Opinion ID: 795247
Heading Depth: 3
Heading Rank: 3

Heading: Disposition of the Appeal

Text: 66 A complaint should not be dismissed for failure to state a claim unless it appears beyond doubt that the plaintiff can prove no set of facts in support of his claim which would entitle him to relief. Todd v. Exxon Corp., 275 F.3d 191, 197-98 (2d Cir.2001) (internal quotation marks and citation omitted). Because we are confined to the allegations contained in Drake's complaint, the precise contours of [his] theory of recovery have not yet been defined. Lohr, 518 U.S. at 495, 116 S.Ct. 2240. For those claims for which preemption cannot be easily determined from the pleadings, Abdu-Brisson v. Delta Airlines, Inc., 128 F.3d 77, 84 (2d Cir. 1997), our standard of review requires us to affirm the district court's decision to deny the defendants-appellants' motion to dismiss, with the understanding that the claims may ultimately prove to be preempted at a later stage of the litigation. 67 At present, none of Drake's five surviving state-law causes of action—negligence, tortious interference with economic relations, misrepresentation, negligent infliction of emotional distress, and conspiracy—appears to be foreclosed in its entirety. Each claim is based at least in part on the defendants-appellants' alleged violation of federal drug-testing regulations. As we have explained, state law may provide remedies for violations of federal standards so long as it does not impose substantive standards of its own in areas addressed by the federal regulations. On the other hand, certain subsidiary claims in Drake's complaint are incompatible with federal law to the extent that they seek to supplement the federal requirements with substantive state-law standards applicable to the same issue.
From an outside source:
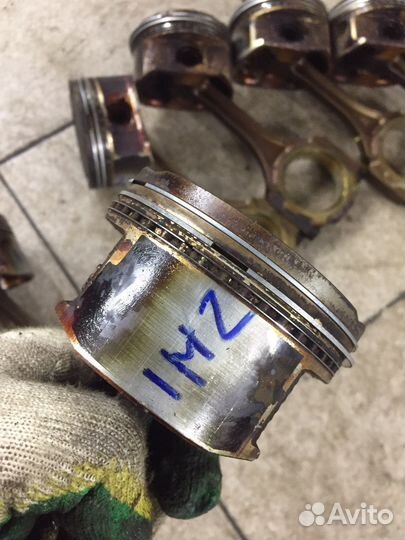 Шатун с поршнем 1 mz fe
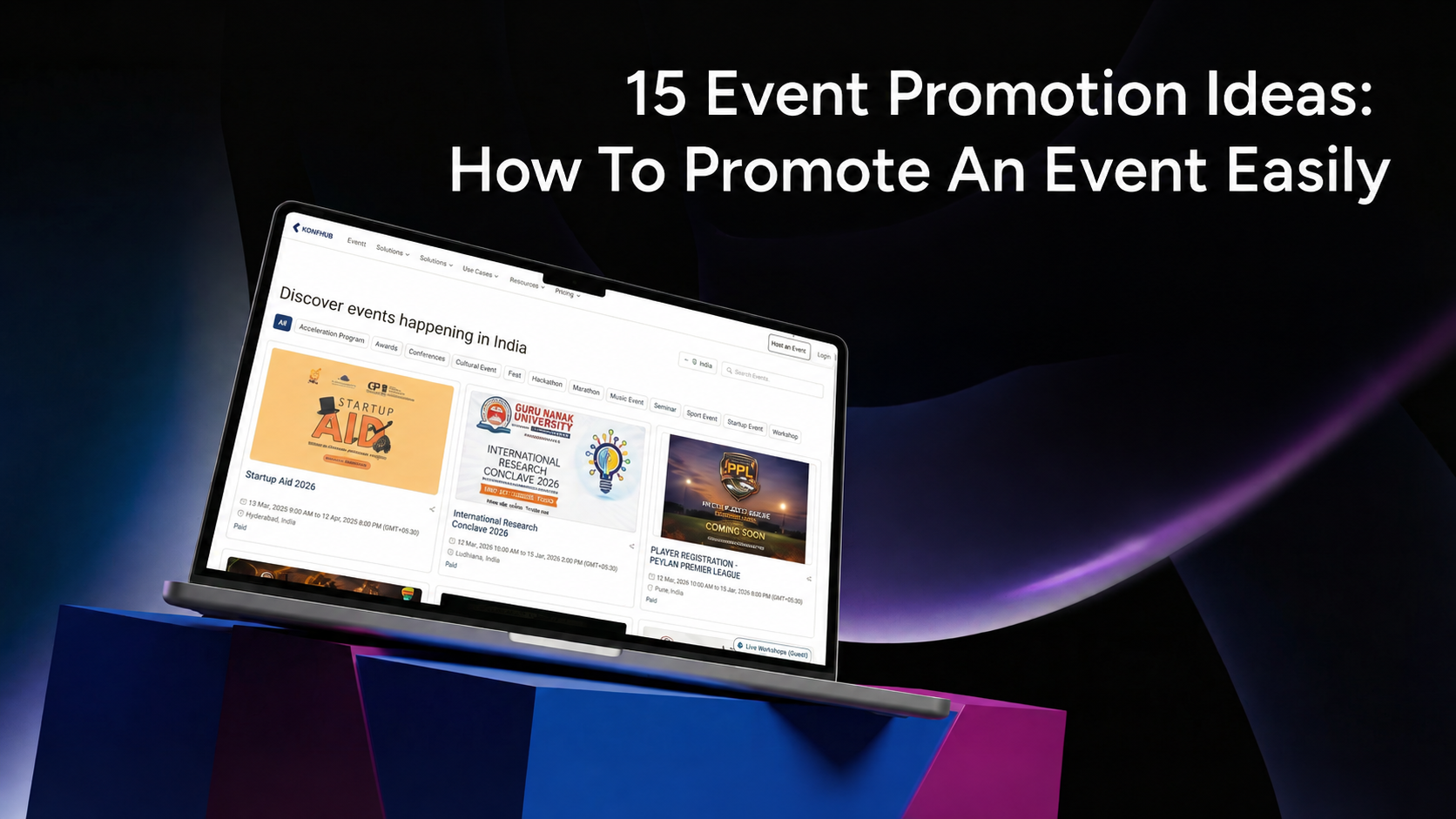 15 Event Promotion Ideas: How to Promote an Event in 2026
And they are preempted insofar as they rely on state common-law procedures and protocols for drug testing. 68 Because, construing Drake's complaint liberally, none of his asserted state-law causes of action are based solely on preempted state law, the district court did not err in refusing to dismiss them at this time. On remand, however, and as the litigation proceeds, Drake will continue to be precluded from developing theories of recovery that are incompatible with the FAA's drug-testing program.